MDTA ROLLS BACK TOLLS: Maryland motorists will soon pay less to use Maryland’s toll roads and bridges under a plan approved Thursday by the Maryland Transportation Authority. Bryan Sears of the Daily Record reports that Gov. Larry Hogan said the statewide toll reductions totaling $54 million annually will benefit 2 million motorists and is the fulfillment of a campaign promise. “Our toll tax rollback will ease the squeeze and make travel less expensive for struggling Marylanders,” Hogan said during a news conference alongside the toll facility at the Chesapeake Bay Bridge.
- The rollbacks are effective July 1 and come after two increases under Gov. Martin O’Malley’s administration, Ryan Sharrow of the Baltimore Business Journal writes.
- Among the reductions, motorists of multi-axle vehicles crossing the Hatem Bridge on Route 40 over the Susquehanna River will see a 30% discount starting July 1 for E-ZPass users., reports Cheryl Mattix for the Cecil Whig. The Hatem Bridge toll for three-axle vehicles will go from $16 to $11.20, and four-axle vehicles will see a reduction from $24 to $16.80.

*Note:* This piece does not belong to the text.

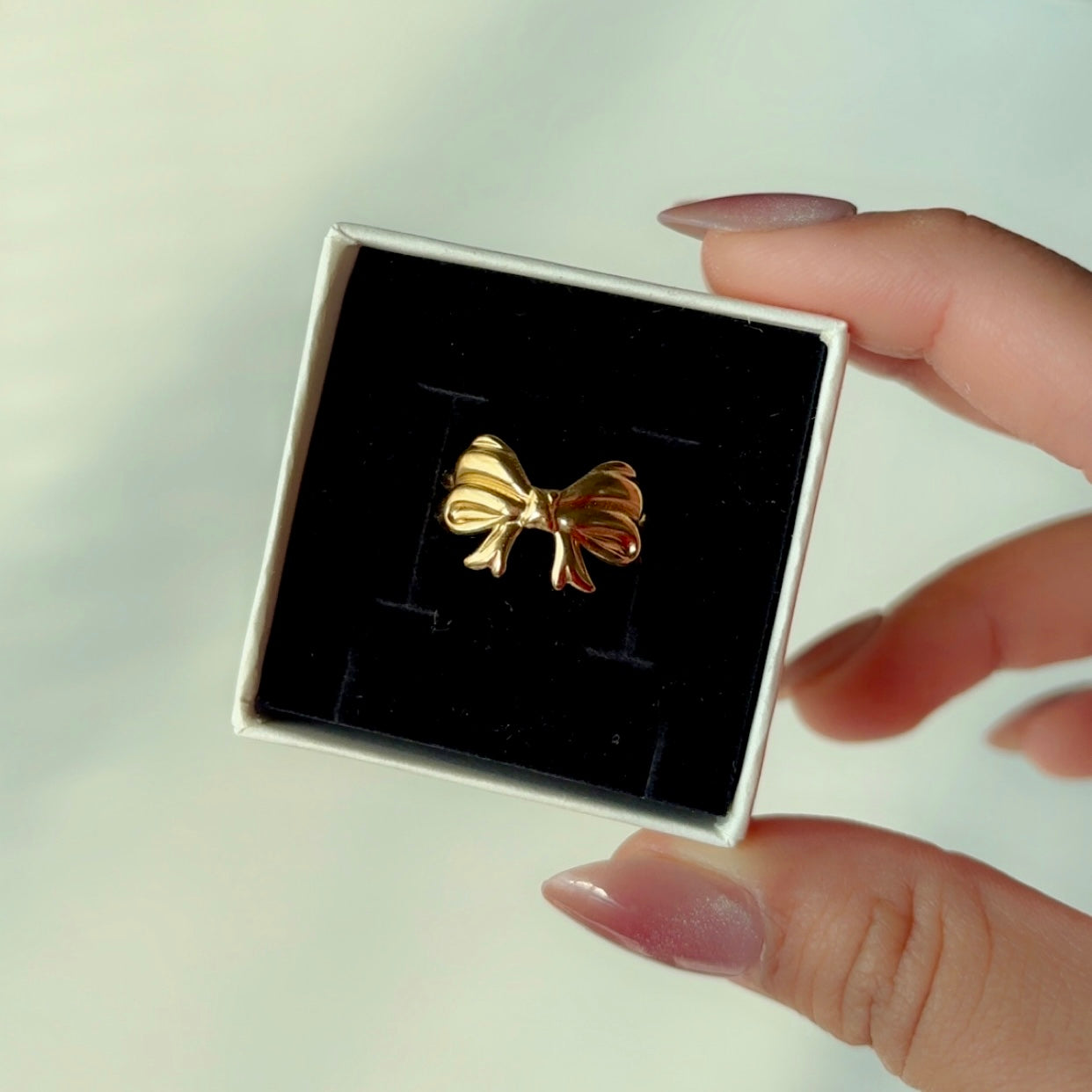 Coquette Adjustable Ring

- Jack Shaum, in the Easton Star Democrat, writes that state Sen. Steve Hershey, of the Upper Shore, said, “I think this is absolutely great news. There’s no better news that an Eastern Shore legislator can give to their constituents than Gov. Hogan has reduced the toll prices.”
HASTY DECISION: The editorial board for the Sun opines that whatever one might have thought about the Maryland Transportation Authority’s decision to raise tolls four years ago, no one can say the two-phase proposal wasn’t scrutinized from all angles or that the public wasn’t given sufficient opportunity to ask questions or make comment. The same can’t be said for the agency’s decision to roll them back — in some cases below what they were before the last price increase.

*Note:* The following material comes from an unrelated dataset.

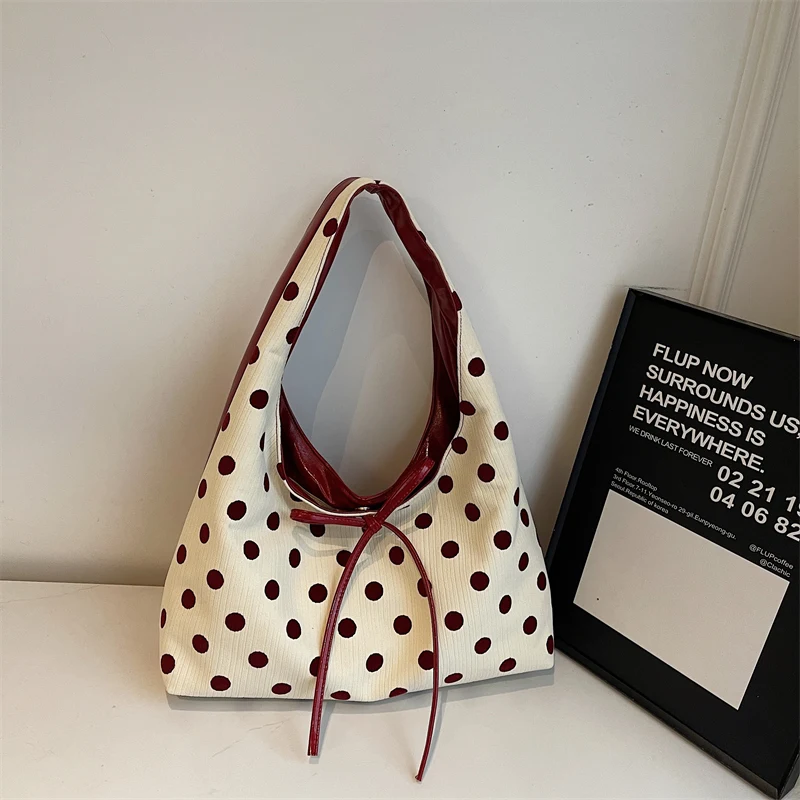 Sac fourretout bébé à pois rouges sac à bandoulière mode grande capacité design moderne pratique et élégant po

Here’s video of Thursday’s press conference on the tolls. At the end of the video, Gov. Hogan crosses out the current tolls on the sign and writes in the new tolls.
RED LINE FOR ECONOMIC GROWTH: The GBC’s Donald Fry, in a column for Center Maryland, touts construction of the Red Line, writing that, if the it becomes a reality, it would generate more than 15,000 jobs and increase household earnings in the Baltimore region by $539.7 million, according to a report released on May 5 by Transportation for America. Simply put, the Red Line is a jobs line. It is a critical catalyst for our region’s economic growth. He says similar things will happen with the Purple Lie.
HO CO ASK HOGAN TO RELEASE FUNDS: Howard County school system officials teamed up with the teachers’ union and community groups Wednesday to call on Gov. Larry Hogan to free up nearly $3 million in state funding for Howard schools in his final spending plan for next fiscal year, reports Amanda Yeager for the Howard County Times.
MIXED REVIEWS ON ENVIRONMENT: The smart growth group 1000 Friends of Maryland, like other organizations focused on the environment, has given Gov. Larry Hogan mixed reviews for his first 100 days in office, tempering positives with sharp criticism, writes Rebecca Lessner for MarylandReporter.com.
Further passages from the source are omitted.